Pobierz książkę „Wpływ zanieczyszczeń powietrza na zdrowie” w wersji PDF
Głównym impulsem do powstania książki były badania z 2017 roku. Wynikało z nich, że choć 95 procent lekarzy uważa wiedzę na temat skutków zanieczyszczeń za ważną, aż siedmiu na dziesięć twierdzi, że w ich przypadku jest niewystarczająca.
W nowym wydaniu publikacji pochylono się choćby nad problemem pożarów składowisk odpadów. Jest w niej również opisany epizod ze stycznia 2017 roku. Zauważono w nim związek między bardzo wysokimi stężeniami zanieczyszczeń powietrza, a podwyższoną umieralnością.
Usunięty został natomiast fragment o rekordowo wysokich poziomach alarmowania dla stężeń dobowych pyłu PM10. Zrobiono to, ponieważ w międzyczasie poziomy zmniejszono o połowę. Autorzy podkreślają jednak, że nadal są one znacznie wyższe, niż wynika z zaleceń ekspertów.
Autorami książki są dr Jakub Jędrak z Instytutu Chemii Fizycznej Polskiej Akademii Nauk, dr hab. n. med. Ewa Konduracka – prof. UJ kardiolog i specjalista chorób wewnętrznych, dr. hab. inż. Artur Badyda – prof. PW z Zakładu Informatyki i Badań Jakości Środowiska oraz dr med. Piotr Dąbrowiecki z Kliniki Chorób Infekcyjnych i Alergologii Wojskowego Instytutu Medycznego.
Patronami publikacji są Polskie Towarzystwo Medycyny Środowiskowej, Wojskowy Instytut Medyczny i Polska Federacja Stowarzyszeń Chorych na Astmę, Alergię i POChP. Publikacja ma miejsce dzięki wsparciu Ambasady Kanady.
Poniżej prezentujemy spis treści nowego wydania, a także fragment książki.
Spadek stężeń zanieczyszczeń powietrza prowadzi do mniejszej liczby zgonów
Wiadomo to już nie od dziś. W czasie strajku zakładów metalurgicznych w Utah Valley, USA (sierpień 1986 – wrzesień 1987) średnie stężenie PM10 zmniejszyło się o ok. 15 μg/m3, zaś umieralność o 3.2% [Pope, Dockery 2006]. Wymowny jest też przykład Dublina, gdzie po wprowadzeniu ograniczeń w dystrybucji i handlu paliwami stałymi w 1990 roku zaobserwowano szybką, wyraźną i trwałą poprawę jakości powietrza (spadek stężeń zanieczyszczeń pyłowych średnio o ok. 36 μg/m3). Przełożyło się to na zmniejszenie liczby zgonów średnio o ok. 360/rok, co stanowiło ok. 8% wszystkich zgonów [Clancy et al. 2002].

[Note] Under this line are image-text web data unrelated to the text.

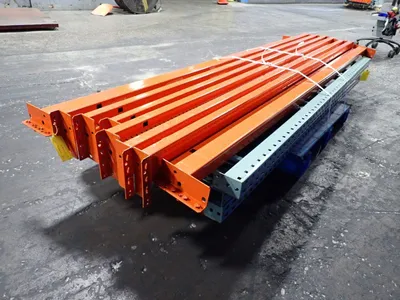 36" X 96" Pallet Racking  - Tear Drop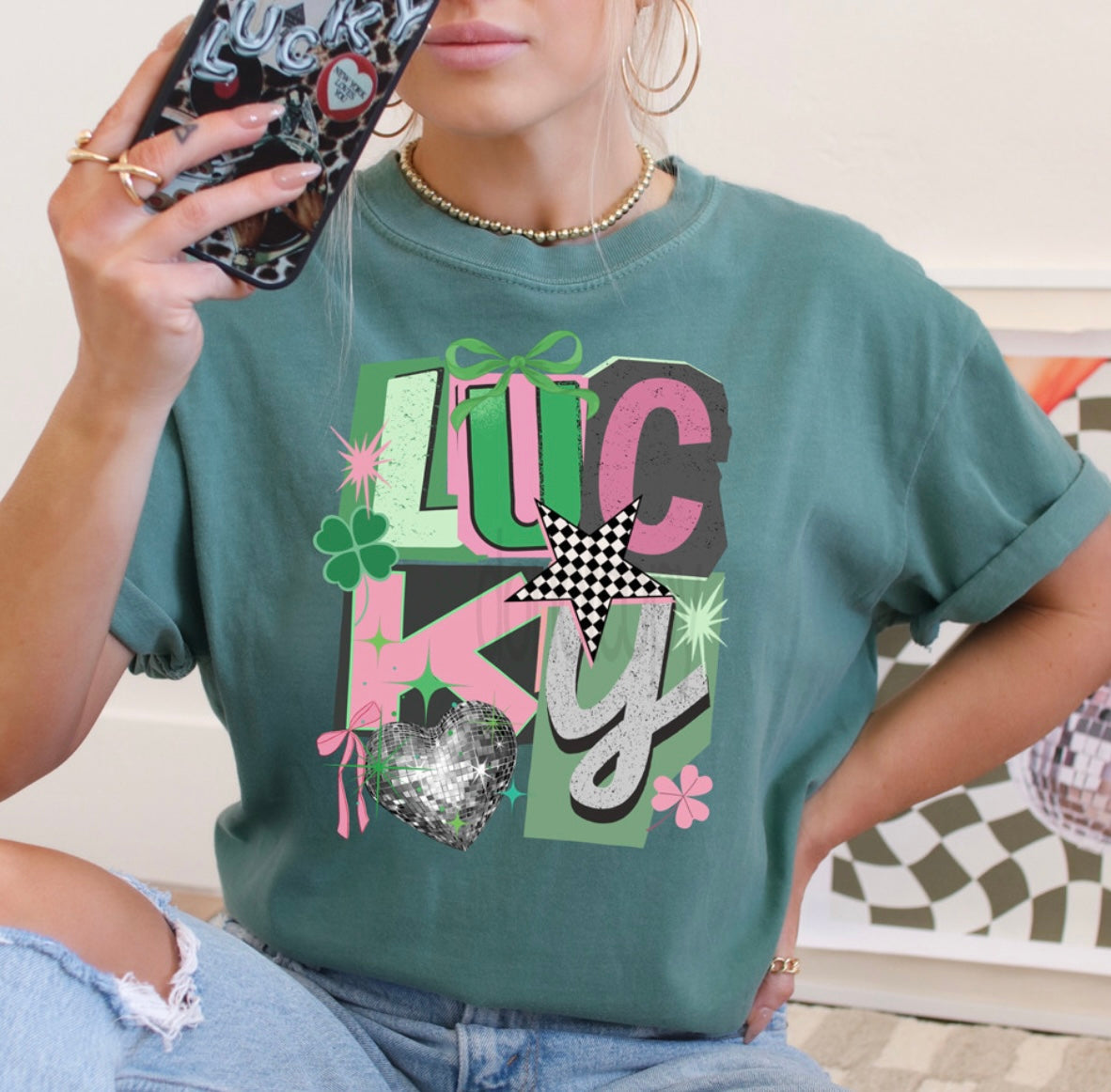 Lucky tee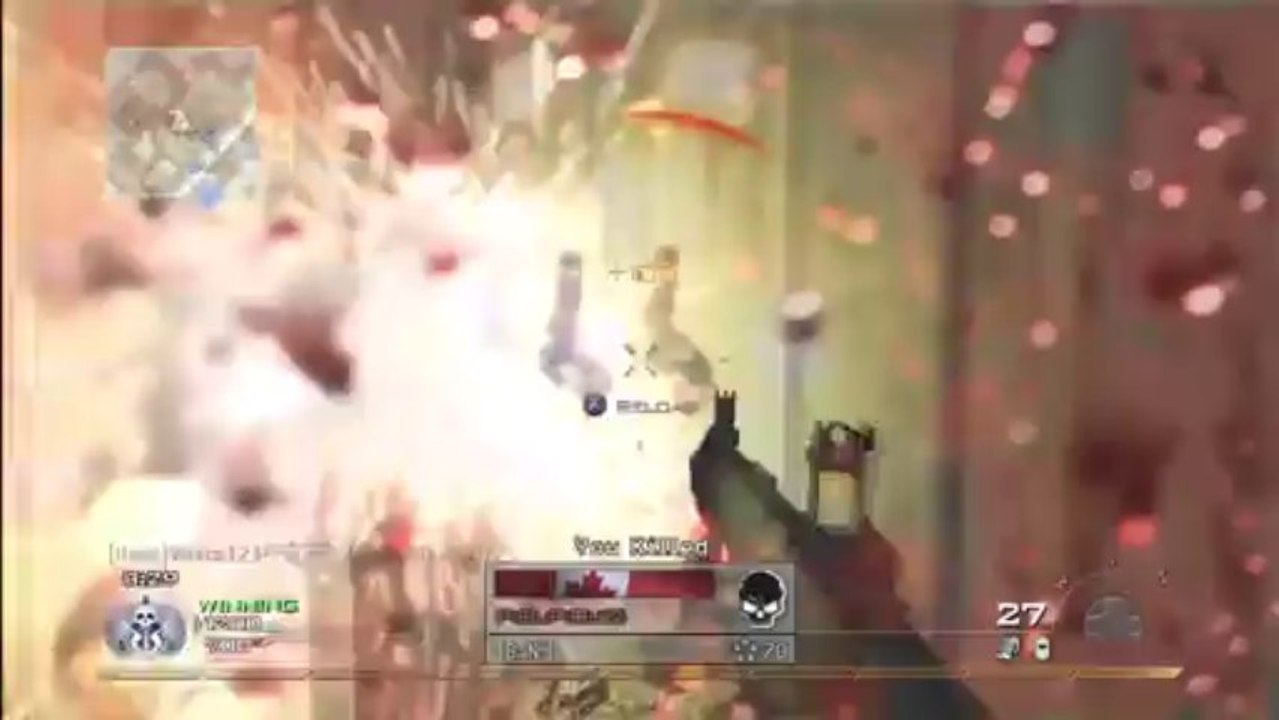 MW2 Team AA12 Gameplay Commentary - Vikstar123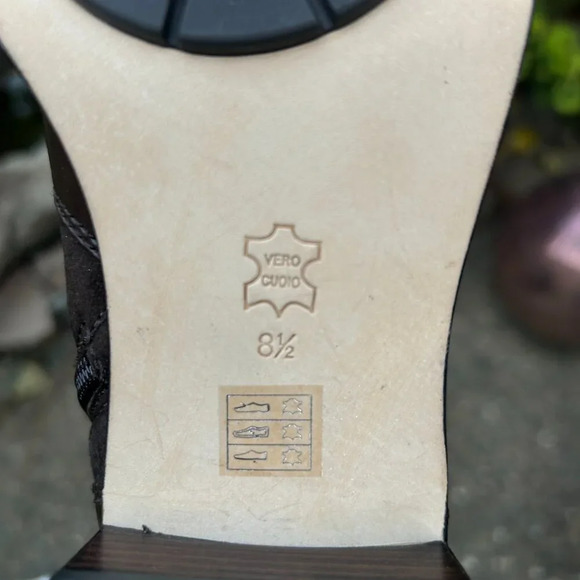 Taryn Rose Radiant Chocolate Brown Suede Calf Boots Size 8.5 NIB - Picture 8 of 15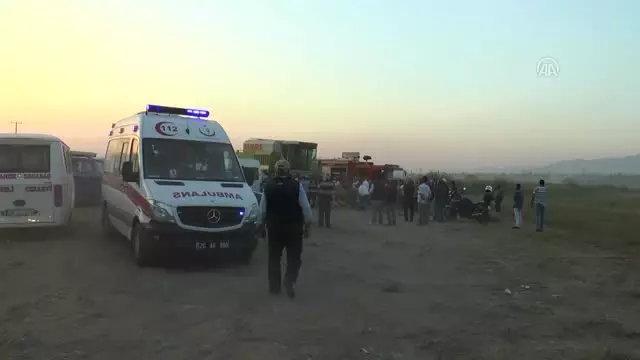Biçerdövere Sıkışan Operatör Öldü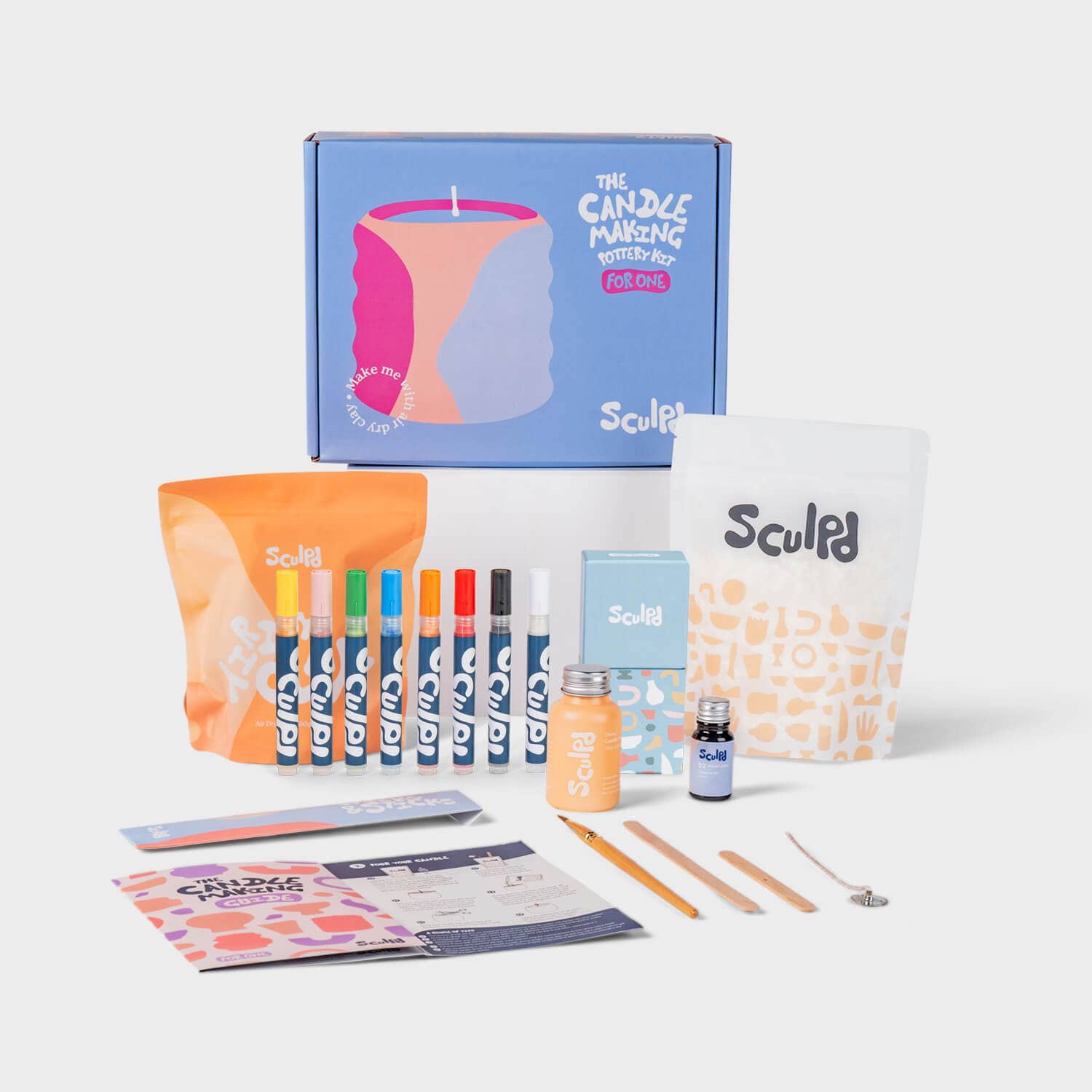 Sculpd US - Wholesale DIY Craft Kit - Sculpd Candle Making Craft Kit40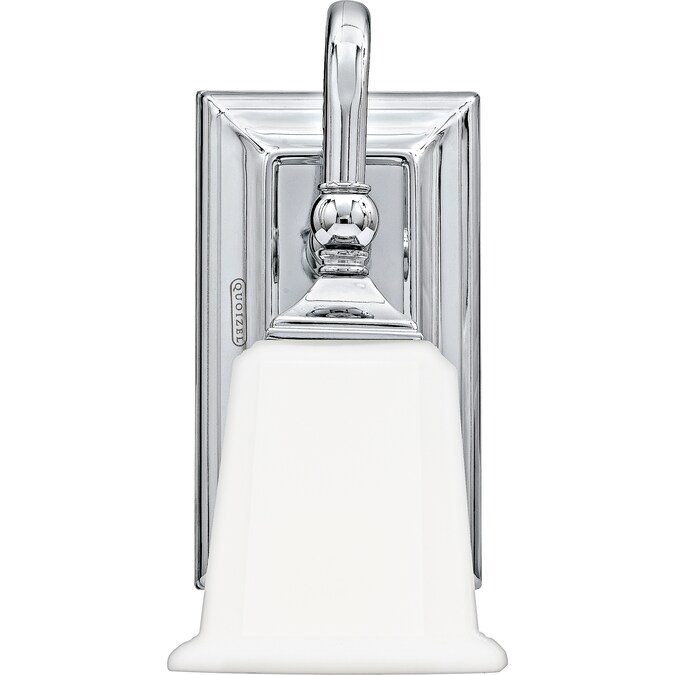 Quoizel Nicholas 5-in 1-Light Polished Chrome Modern/Contemporary Vanity Light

Jak wielu przedwczesnych zgonów można by obecnie uniknąć w Europie, gdyby udało się na naszym kontynencie poprawić jakość powietrza? Oszacowali to niedawno Khomenko i wsp., którzy przeanalizowali dane z prawie 1000 europejskich miast i aglomeracji, zarówno jeśli chodzi o narażenie na PM2.5 j ak i n a N O2 [Khomenko et al. 2021]. Rozważano
dwa scenariusze: obniżenie średnich stężeń rocznych obu substancji do poziomów zalecanych przez WHO (10 μg/m3 dla PM2.5 i 4 0 μg/m3 dla NO2) oraz do najniższych poziomów obserwowanych w badanych miastach (3.7 μg/m3 dla PM2.5 i 3.5 μg/m3 dla NO2).

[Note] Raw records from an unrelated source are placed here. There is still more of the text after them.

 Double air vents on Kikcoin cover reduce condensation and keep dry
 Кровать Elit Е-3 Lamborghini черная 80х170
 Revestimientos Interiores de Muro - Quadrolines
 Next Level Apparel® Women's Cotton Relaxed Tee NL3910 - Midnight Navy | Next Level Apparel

Według autorów realizacja pierwszego scenariusza zapobiegłaby rocznie 51 213 (95% CI: 34 036–68 682) przedwczesnym zgonom z powodu narażenia na PM2.5 oraz 900 (0–2476) zgonom z powodu narażenia na NO2.
W drugim przypadku byłoby to odpowiednio 124 729 (83 332–166 535) oraz 79 435 (0–215 165) uratowanych istnień ludzkich. Procentowo, najwięcej zgonów uniknięto by oczywiście tam, gdzie stężenia zanieczyszczeń są najwyższe. Jeśli chodzi o pył PM2.5 byłyby to północne regiony Włoch (dolina Padu), południowa Polska i wschodnie rejony Czech.